Parece exagero? Exemplifico. Decorridos dois mandatos de FHC e meio de Lula, não há nenhum avanço substantivo nas reformas da legislação trabalhista e do sistema previdenciário. De onde resulta que, numa população economicamente ativa de quase 80 milhões de brasileiros, mais de 50 milhões trabalhem sem carteira assinada e, conseqüentemente, sem contribuir para a Previdência Social.

Outro exemplo? A descentralização da ação social do Estado exigiria uma reforma fiscal, redefinindo o pacto federativo. Mas a síndrome centralizadora resiste ao repasse de recursos a estados e municípios, enquanto recorre vorazmente a tributos não-compartilhados.

Exemplo conjuntural? A MP 232 reflete a escalada dos impostos, sob o disfarce da isonomia. Um enfoque liberal exigiria uma dramática redução das alíquotas simultânea a essa ampliação da base, hipótese que jamais esteve sob consideração.

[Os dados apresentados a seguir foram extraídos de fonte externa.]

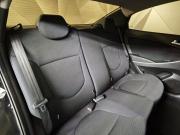 Hyundai Solaris I Рестайлинг Москва  - изображение 31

E, para finalizar, um exemplo tão simples quanto radical do tempo e do esforço perdidos quando se é privado da perspectiva liberal. Milton Friedman, Prêmio Nobel de Economia, crítico permanente dos déficits fiscais, defensor do regime de câmbio flexível e do controle da inflação pelo Banco Central, quando perguntado sobre o que pensava do FMI, divertia-se em responder: ¿Acho que deve ser extinto.¿ Após 20 anos de tentativas e erros, o Brasil recorreu, finalmente, na última crise externa, à flutuação cambial. Conseqüência? O FMI acaba de ser dispensado. Tornou-se desnecessário.